Seriously — Holly Robinson Peete, Lyndie Greenwood, and Darlene Cooke are extraordinary as a family unit. The family resemblance between Greenwood and Robinson Peete is truly uncanny. You really feel the history in every scene they share, and that even goes for Grandpa Riley (played in an old video by Rothaford Gray). The movie somehow makes us feel like we know Grandpa Riley just through the way others talk about him, and that makes us feel the absence of a character that we’ve never seen before — almost like this is Season 3 of the Hallmark Channel original series The Chapel Women.

Holiday Heritage, Chapel women
Photo: Hallmark/Albert Camicioli

And unlike Hallmark movies of previous years, but like a lot of Hallmark movies this year, the central storyline of Holiday Heritage isn’t a man and a woman falling in love. Ella does have history (and chemistry) with Griffin, but that’s a bonus and not the focus. In a genre that really has a dead mom problem, it’s so refreshing to see a movie dig into the bonds between two sets of mothers and daughters. It’s also a welcome change to see a holiday movie where the conflict comes from within the family as opposed to a real estate developer. Keeping your family together for the holidays can be hard enough without having to bring in someone who wants to buy their bakery, inn, or historic downtown rec center.

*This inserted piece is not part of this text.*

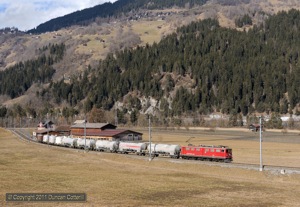Freight traffic to Disentis consists mainly of cement tanks bound for the Gotthard Base Tunnel workings at Las Rueras near Sedrun on the MGB. 704 was photographed near Ilanz, working train 5236 back to Ilanz on 17 February 2011.
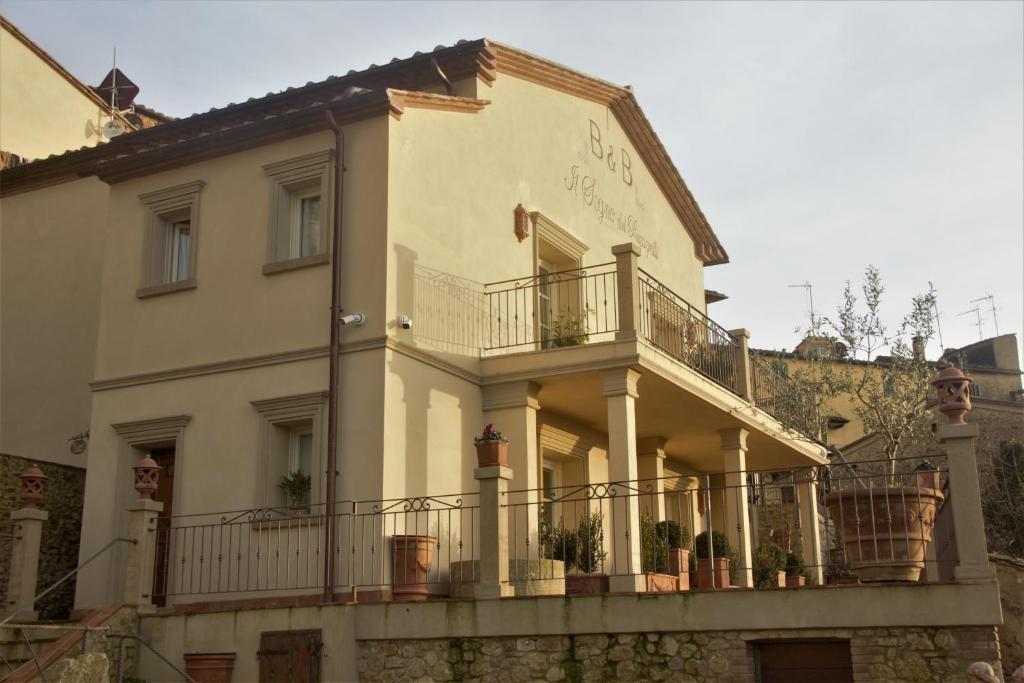 ein weißes Haus mit Balkon auf einem Gebäude in der Unterkunft B&B Il Sogno del Pinzagrilli in Guardistallo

Holiday Heritage, family celebration
Photo: Hallmark/Albert Camicioli

As for the reason for this seasonal movie, I really enjoyed seeing the rituals of Kwanzaa — a holiday that I admittedly know very little about — take up space in the film, be treated with respect (“Kwanzaa is cultural medicine for Black families”), and also be supported by the entire community of Mary’s Town. There is so much potential for this holiday in the Hallmark movie lineup, and hopefully we’ll see it realized. And hopefully future Kwanzaa movies will build on the solid foundation that Holiday Heritage puts down.

Our Call: STREAM IT. Holiday Heritage is a heartwarming watch and hopefully the first of many annual Kwanzaa movies.